# Advanced RAG: Self-querying

### Before doing anything

### Ollama Running in background

- [ollama pull nomic-embed-text](https://ollama.com/library/nomic-embed-text)
- [ollama run qwen2](https://ollama.com/library/qwen2)

### Install these packages

- `!pip install ollama`
- `!pip install langchain`
- `!pip install --upgrade --quiet lark langchain-chroma`
- `!pip install langchain_community`

________________________________________________________________________________

# Prepare Documents

In [1]:
from langchain_chroma import Chroma
from langchain_core.documents import Document
from langchain_community.embeddings import OllamaEmbeddings

# You can make document from different loaders (e.g PDF, HTML, JSON, etc.)
# different loaders here: https://python.langchain.com/v0.1/docs/modules/data_connection/document_loaders/


docs = [
    Document(
        page_content="A bunch of scientists bring back dinosaurs and mayhem breaks loose",
        metadata={"year": 1993, "rating": 7.7, "genre": "science fiction"},
    ),
    Document(
        page_content="Leo DiCaprio gets lost in a dream within a dream within a dream within a ...",
        metadata={"year": 2010, "director": "Christopher Nolan", "rating": 8.2},
    ),
    Document(
        page_content="A psychologist / detective gets lost in a series of dreams within dreams within dreams and Inception reused the idea",
        metadata={"year": 2006, "director": "Satoshi Kon", "rating": 8.6},
    ),
    Document(
        page_content="A bunch of normal-sized women are supremely wholesome and some men pine after them",
        metadata={"year": 2019, "director": "Greta Gerwig", "rating": 8.3},
    ),
    Document(
        page_content="Toys come alive and have a blast doing so",
        metadata={"year": 1995, "genre": "animated"},
    ),
    Document(
        page_content="Three men walk into the Zone, three men walk out of the Zone",
        metadata={
            "year": 1979,
            "director": "Andrei Tarkovsky",
            "genre": "thriller",
            "rating": 9.9,
        },
    ),
]
vectorstore = Chroma.from_documents(docs, OllamaEmbeddings(model="nomic-embed-text"))

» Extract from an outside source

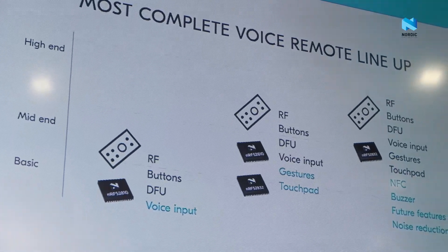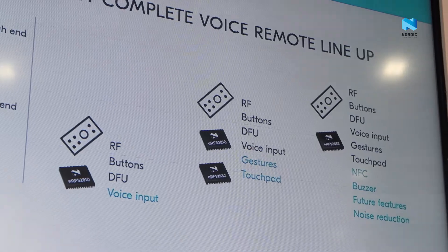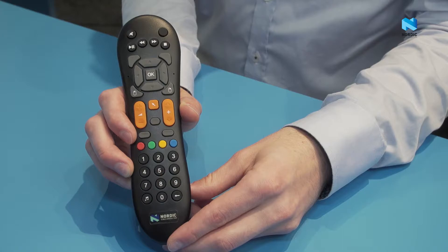You can do RF, you can do buzzers, you can do gestures, we support DFU, you can do touchpad, we got an NFC interface, and basically anything you need to make a voice remote for your smart TV or any smart device in your home.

# Creating our self-querying retriever

In [8]:
from langchain.chains.query_constructor.base import AttributeInfo
from langchain.retrievers.self_query.base import SelfQueryRetriever


metadata_field_info = [
    AttributeInfo(
        name="genre",
        description="The genre of the movie. One of ['science fiction', 'comedy', 'drama', 'thriller', 'romance', 'action', 'animated']",
        type="string",
    ),
       AttributeInfo(
        name="year", #name="email",
        description="The year the movie was released",
        type="integer",
    ),
    AttributeInfo(
        name="director", # eg. name="purchase_history"
        description="The name of the movie director",
        type="string",
    ),
    AttributeInfo(
        name="rating", description="A 1-10 rating for the movie", type="float"
    ),
    
]



In [9]:
from langchain_community.chat_models import ChatOllama

document_content_description = "Brief summary of a movie"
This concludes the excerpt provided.